The net result is that, via Occams Razor, makes the dead daughter
surmise, less tenable and justifiable.
The DVD comes with no commentary, but with about seventy minites
of a Q&A session with Garcia, and four of the films actors,
as well as four small featurettes and a bevy of trailers; although not
its own. In the Q&A, Lisa Gay Hamilton makes some good points on
the philosophy an actor should take when auditioning.
Perhaps the most telling moment of the overall film comes in the Ruth
film, where the Aidan Quinn character, Henry, while watching a nature
documentary, tells Ruth that the documentary is spliced together from
moments separated by years and miles to force a narrative and connections
where none actually exist. This technique, though, sometimes makes people
overconnect- such as with Hollys supposed molestation, Sandras
supposed prostitution, and the dead daughter trope in the final film.
Its also telling that some of the overlapping characters are so
subtly interposed that its only by reading the end credits that
we are sure that they are who they are.
Other films, like Magnolia and Grand Canyon, try this
overlapping technique, but they all tie things up at the end, often
with all the characters meeting. These films are merely moments that
will be big memories in the minds of each of the protagonists, in years
to come. The backstories are implied so well, subtly and quickly, that
its not at all difficult to get into each scene within minutes
of their starting. Yet, to know everything in those backstories would
beg triteness and lengthen the film so that only two, perhaps three,
of the stories, could still fit within.
Garcia shows great command of his medium with his objective Chekhovian
writing and zero endings, for what could have easily become a New Agey
or Chick Flick piece of schlock. Unlike such films as Time Code,
this experiment in filmic narrative works, and is a worthy descendant
of the filmic experiments that Ingmar Bergman pioneered in the 1960s.

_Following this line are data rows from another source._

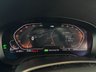 USED 2021 21 BMW 5 SERIES 3.0 530d MHT M Sport Saloon 4dr Diesel Hybrid Steptronic xDrive Euro 6 (s/s) (286 ps) 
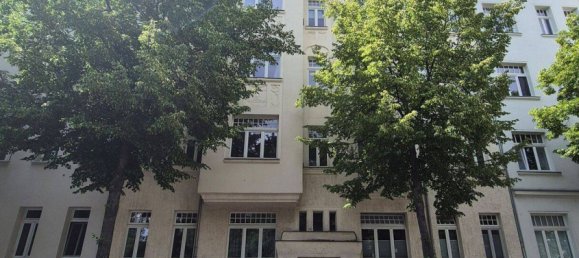 Apartamento de 3 divisões em Leipzig, Germany N.º 278317 2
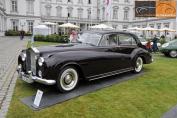 Hier klicken, um das Foto des PoLS - Rolls-Royce Silver Cloud II LWB James Young '1962.jpg 189.6K, zu vergrern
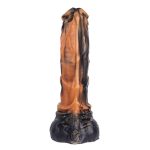 sexcomercio.com-170.jpg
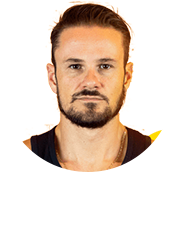Vini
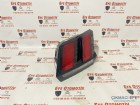 Peugeot 3008 P84e Stop Lambası Sağ Iç 9810477780
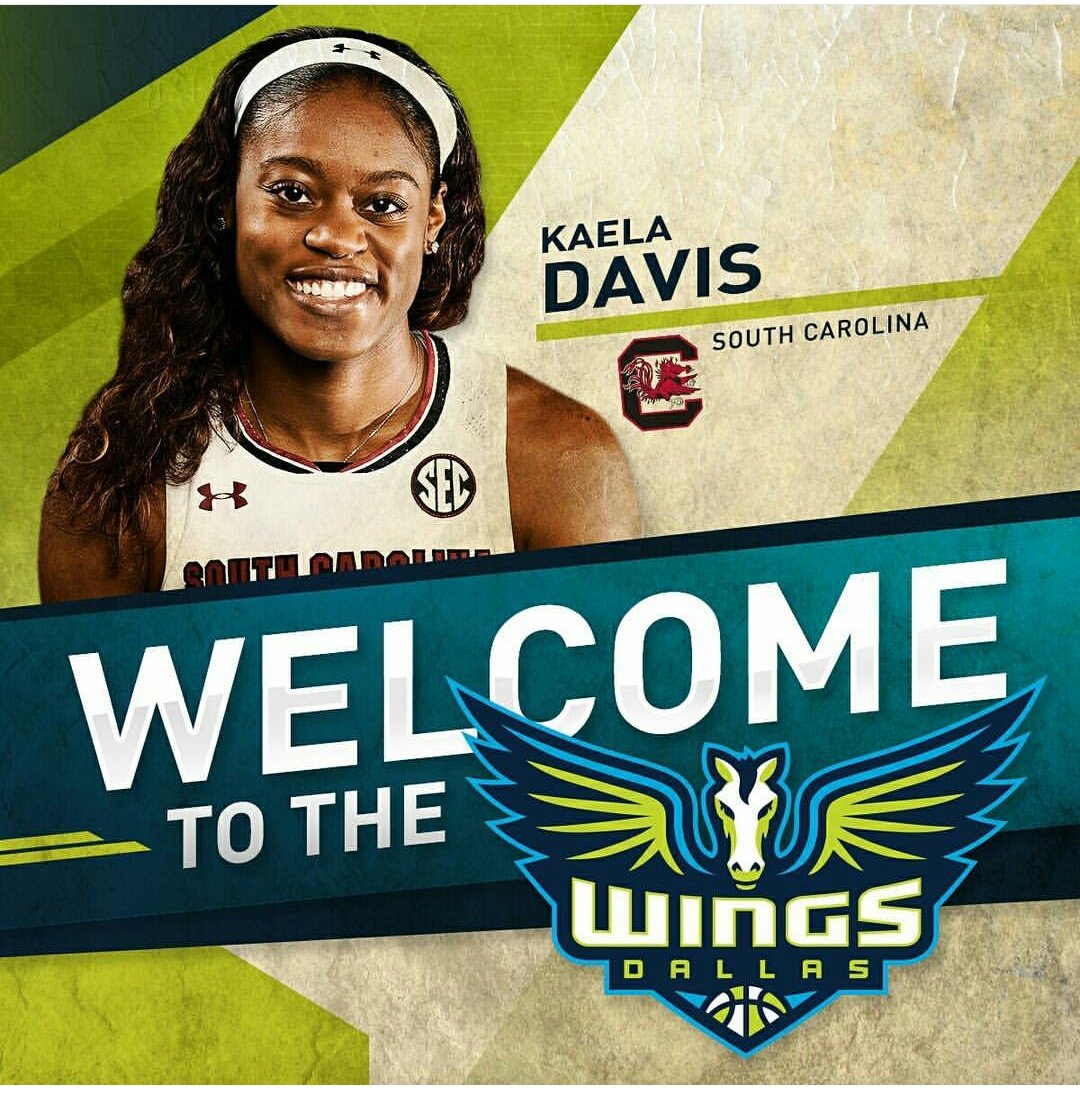 DArnoldFx4's tweet photo. YO THE SQUAD IS LIT YO 
WE SCOOPED AD'S DAUGHTER A HUSKIE, AND ANOTHER CHAMP, IM HITTIN A GAME YO ---->>> @DallasWings  #SALUTEBABY
🏀🏀🏀 https://t.co/u24Z9reVd6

It should have been one of the films nominated for an Oscar, along with
other underappreciated films like The New World, Match Point, and
Shopgirl. But, Hollywood keeps on churning out schlock like Brokeback
Mountain instead, while films like this are shunted aside. Fight
back, watch this film, talk about it with others, and make sure that
the powerbrokers know that there is a market for such films. Its
the only way there will be more of them.